The next deal could be a major one for BB&T. The bank's CEO, Kelly King, told analysts at a Barclay's conference earlier this month that the institution is "aggressively trying to do acquisitions today" and that M&A growth was the only way to "really think about increasing profitability." One activist noted that BB&T's recent spate of deal-making will put it at roughly $220 billion in assets and that its next major acquisition will need to be substantial because of regulatory costs and headaches associated with a key threshold it may soon cross.

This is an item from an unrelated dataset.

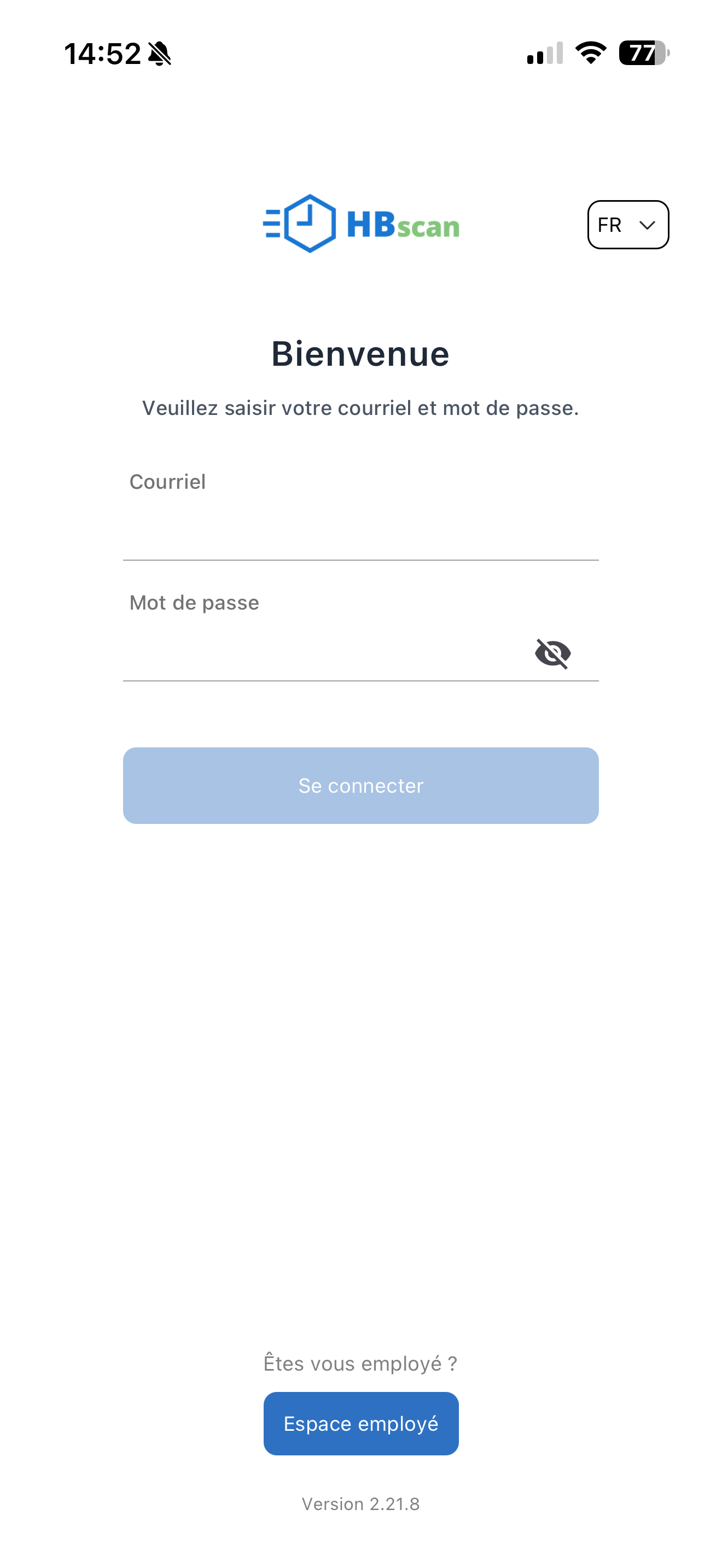 Capture: écran de connexion gestionnaire HBscan avec champs courriel et mot de passe.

Banks with more than $250 billion in assets are considered by the Fed to be "advanced approach" institutions and as such are subject to a raft of additional regulatory requirements, including specific risk-measurement and risk-management criteria. "BB&T will have to go significantly over that threshold with its next deal to offset the regulatory costs," he added.
At the same conference, Regions' CEO Grayson Hall said the bank "prudently" considers acquisitive growth opportunities including the possibility of buying banks, adding that the institution has so far been focused on growing by buying mortgage servicing assets. "We've also been very focused on trying to find ways to deploy part of that capital to acquisitive growth," Hall said.
The Fed has clearly closed the door on further acquisitions by the nation's largest six banks. But the agency has also signaled that the door is wide open to deals done by mid-sized regional banks such as Regions and BB&T -- no matter how much M&A they engage in it won't put them in the big six bank category any time soon.
In addition, the Fed's dependence on stress testing means that, for strong performers like BB&T, Regions and Huntington, deal season is here.